By Morgan Jerkins
May 29, 2018

Less than three months after the premiere of the Roseanne reboot, its leading star managed to bring about her demise with the racism that brought her back on top in the first place. Early this morning, Roseanne Barr tweeted that Valerie Jarrett, an African-American former senior advisor to President Obama, was a combination of the Muslim Brotherhood and Planet of the Apes. Soon after, she defended the tweet as a joke, before releasing an apology and a statement that she was leaving Twitter. From there the domino effect began: Wanda Sykes, a consulting producer for the show, decided not to return for the second season. This was quickly followed by a statement from Channing Dungey, the president of ABC Entertainment, that Roseanne would be cancelled. If it was shocking that ABC issued a response and cancelled the show so quickly, it’s even more disillusioning to consider how it took such an egregious tweet from a woman who has never obscured who she was to the media or the public at large.

For decades, Roseanne has been a provocateur, whether it’s crotch-grabbing, singing the Star-Spangled Banner or posing as Hitler for a satirical Jewish magazine. Barr has always been one who ruffles feathers and recognizes lines with the intention of crossing them. The reboot of her show was a fraught proposition: Now Roseanne Conner was a Trump supporter, an allegiance motivated by her being working-class, like the millions of Americans who voted for the same candidate. In an interview with The New York Times, Roseanne said about the reboot, “It’s about everything in our country. It’s about opioids and health care. How we deal with whole new issues that we didn’t even have before, like gender-fluid kids. How working class people — how and why they elected Trump.” Yet there’s no mention of race here, let alone the ways in which race intersects with class. Like the many newspaper and magazine features that have spotlighted the need for working-class white people to be further understood, Roseanne just served to further normalize the bigotry that gets dressed up as “economic anxiety.”

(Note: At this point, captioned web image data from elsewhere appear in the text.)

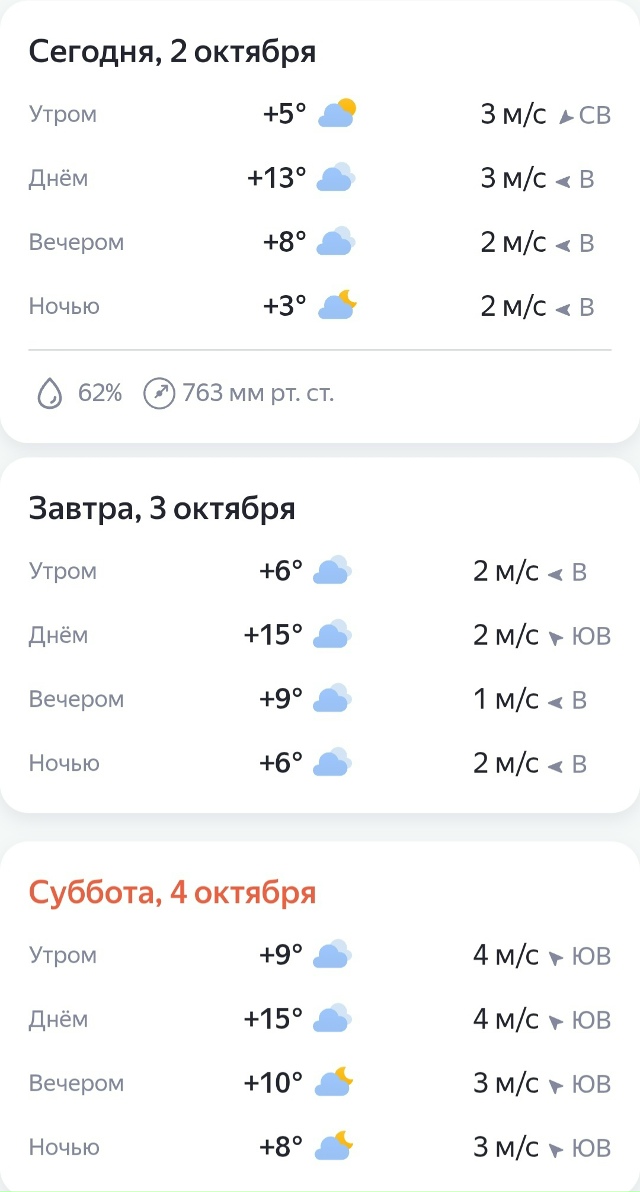 Погода в Выксе на ближайшие 3 дня ⛅
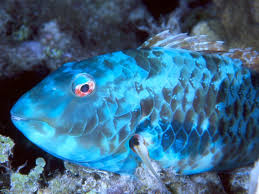 http://t3.gstatic.com/images?q=tbn:g5mXzFtRYc4vyM:www.nicewallpapers.info/pics/animals/fish/fish_36.jpg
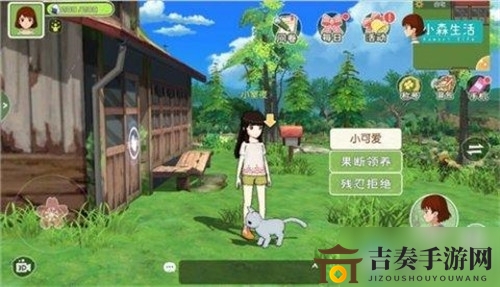 小森生活领养猫咪攻略全解析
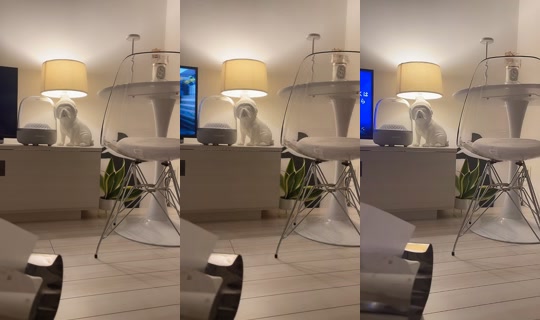 aaaaaaoooi TikTok Live — Aug 23, 2026, 12:47 PM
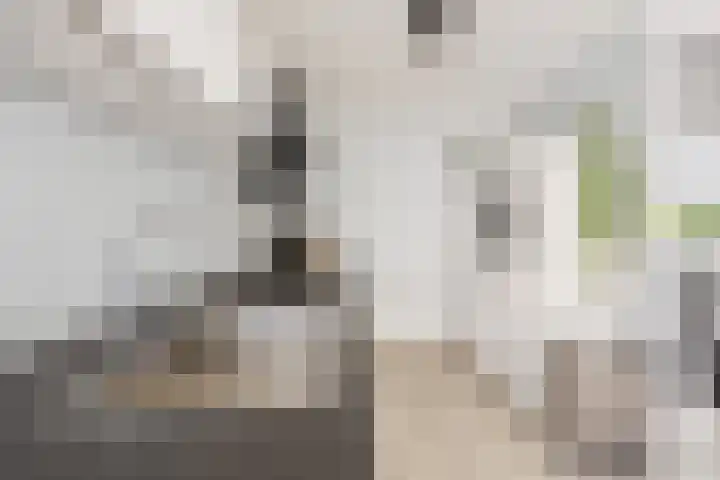 Klaverpas 27 Druten thumbnail 15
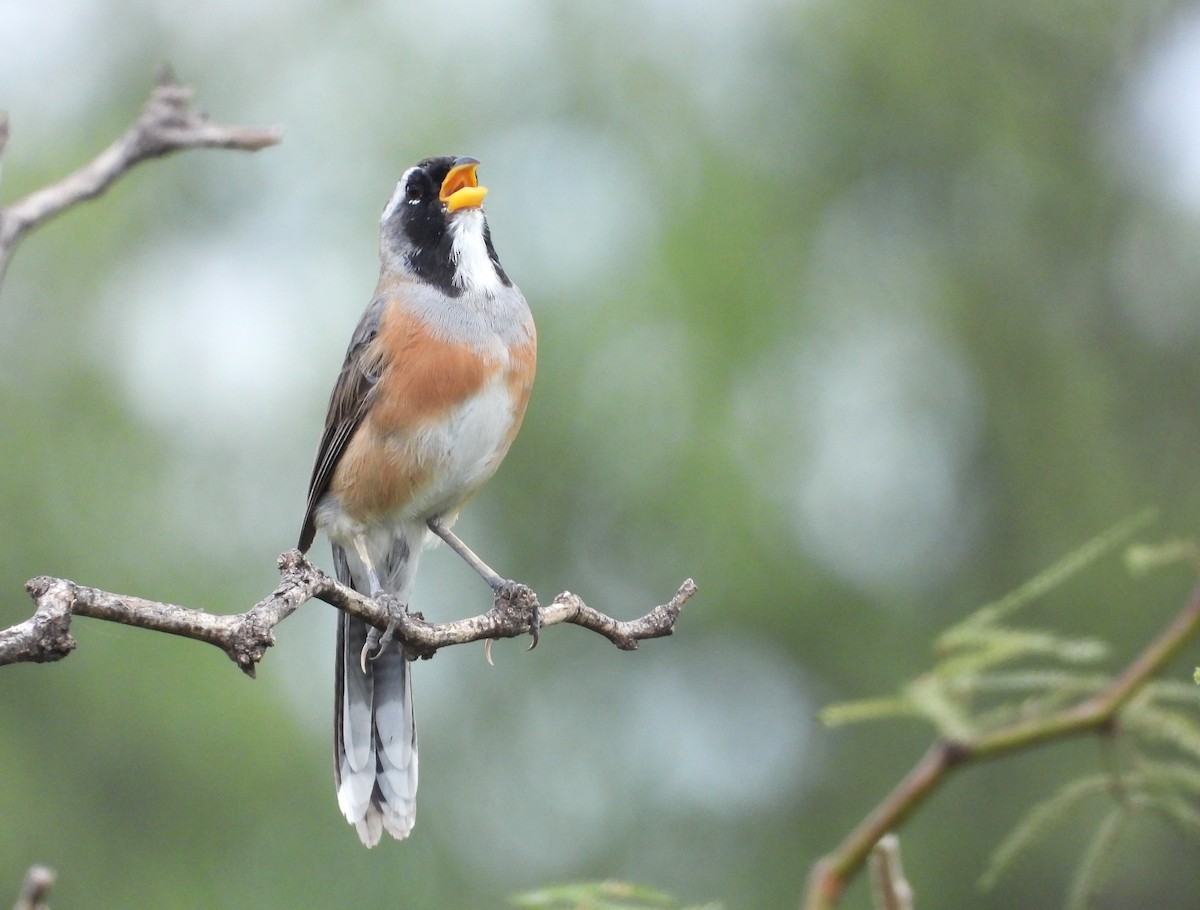 Many-colored Chaco Finch - ML615947044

Bringing back the show was a nostalgia play or cash grab. But the executives who revived it ignored the fact that Barr’s behavior has long been unacceptable. Her comment about Valerie Jarrett shouldn’t be shocking: It’s in line with how she’s always been. Barr and her now-canceled show perfectly embody America in 2018: The inability to recognize how disgusting racism is until it’s too obvious to miss. It shouldn’t have taken the mocking of a black public figure to get her show cancelled. The bar shouldn’t be that high. Why does a racist remark have to go viral for there to be repercussions?

For ABC, Barr’s past behavior was just background noise; the network didn’t see that it was a harbinger of what was to come. Ultimately, they made the right decision. But they shouldn’t have given her the platform in the first place.